Collected data entries

★ ★ ★

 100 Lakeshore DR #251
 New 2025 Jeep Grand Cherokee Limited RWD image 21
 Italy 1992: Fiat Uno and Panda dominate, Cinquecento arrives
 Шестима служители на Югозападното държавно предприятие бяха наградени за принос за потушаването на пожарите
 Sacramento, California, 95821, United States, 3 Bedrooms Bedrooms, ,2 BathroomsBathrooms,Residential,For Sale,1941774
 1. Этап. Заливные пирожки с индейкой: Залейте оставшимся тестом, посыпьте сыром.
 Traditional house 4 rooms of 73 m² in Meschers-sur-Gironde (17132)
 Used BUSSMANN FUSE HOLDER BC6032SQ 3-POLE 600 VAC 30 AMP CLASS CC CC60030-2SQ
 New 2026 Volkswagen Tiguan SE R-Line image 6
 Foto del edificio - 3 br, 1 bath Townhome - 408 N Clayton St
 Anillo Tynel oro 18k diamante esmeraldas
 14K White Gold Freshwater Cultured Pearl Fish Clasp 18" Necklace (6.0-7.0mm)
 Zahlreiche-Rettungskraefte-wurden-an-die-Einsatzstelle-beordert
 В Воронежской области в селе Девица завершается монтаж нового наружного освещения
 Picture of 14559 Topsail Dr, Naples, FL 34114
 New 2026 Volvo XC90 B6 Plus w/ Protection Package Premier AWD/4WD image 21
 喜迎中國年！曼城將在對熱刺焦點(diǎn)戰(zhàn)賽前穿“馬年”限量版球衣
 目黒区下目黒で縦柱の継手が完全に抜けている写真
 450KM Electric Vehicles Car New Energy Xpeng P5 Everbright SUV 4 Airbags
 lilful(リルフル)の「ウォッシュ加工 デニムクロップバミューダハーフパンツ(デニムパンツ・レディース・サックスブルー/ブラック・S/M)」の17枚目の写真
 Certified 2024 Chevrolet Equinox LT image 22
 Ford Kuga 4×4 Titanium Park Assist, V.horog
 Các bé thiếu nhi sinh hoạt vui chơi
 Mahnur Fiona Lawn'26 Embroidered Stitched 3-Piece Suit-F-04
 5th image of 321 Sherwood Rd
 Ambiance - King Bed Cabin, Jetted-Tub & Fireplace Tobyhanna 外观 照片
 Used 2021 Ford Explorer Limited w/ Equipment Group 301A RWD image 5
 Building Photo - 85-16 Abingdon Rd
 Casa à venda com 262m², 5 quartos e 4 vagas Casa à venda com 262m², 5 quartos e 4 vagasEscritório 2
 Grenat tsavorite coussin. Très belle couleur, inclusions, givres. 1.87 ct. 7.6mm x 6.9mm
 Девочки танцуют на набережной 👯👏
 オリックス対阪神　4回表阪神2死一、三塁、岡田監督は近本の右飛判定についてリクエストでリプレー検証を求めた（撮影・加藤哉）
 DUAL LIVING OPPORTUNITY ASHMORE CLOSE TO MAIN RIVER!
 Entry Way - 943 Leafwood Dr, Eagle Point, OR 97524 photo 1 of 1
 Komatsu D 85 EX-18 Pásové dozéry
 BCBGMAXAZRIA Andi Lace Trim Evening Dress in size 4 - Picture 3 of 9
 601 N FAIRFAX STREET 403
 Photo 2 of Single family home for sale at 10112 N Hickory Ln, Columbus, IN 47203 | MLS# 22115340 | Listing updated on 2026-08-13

★ ★ ★

Can you write out the lines above, from the first one through the one containing "Traditional house 4", exactly as they appear and nothing more?

 100 Lakeshore DR #251
 New 2025 Jeep Grand Cherokee Limited RWD image 21
 Italy 1992: Fiat Uno and Panda dominate, Cinquecento arrives
 Шестима служители на Югозападното държавно предприятие бяха наградени за принос за потушаването на пожарите
 Sacramento, California, 95821, United States, 3 Bedrooms Bedrooms, ,2 BathroomsBathrooms,Residential,For Sale,1941774
 1. Этап. Заливные пирожки с индейкой: Залейте оставшимся тестом, посыпьте сыром.
 Traditional house 4 rooms of 73 m² in Meschers-sur-Gironde (17132)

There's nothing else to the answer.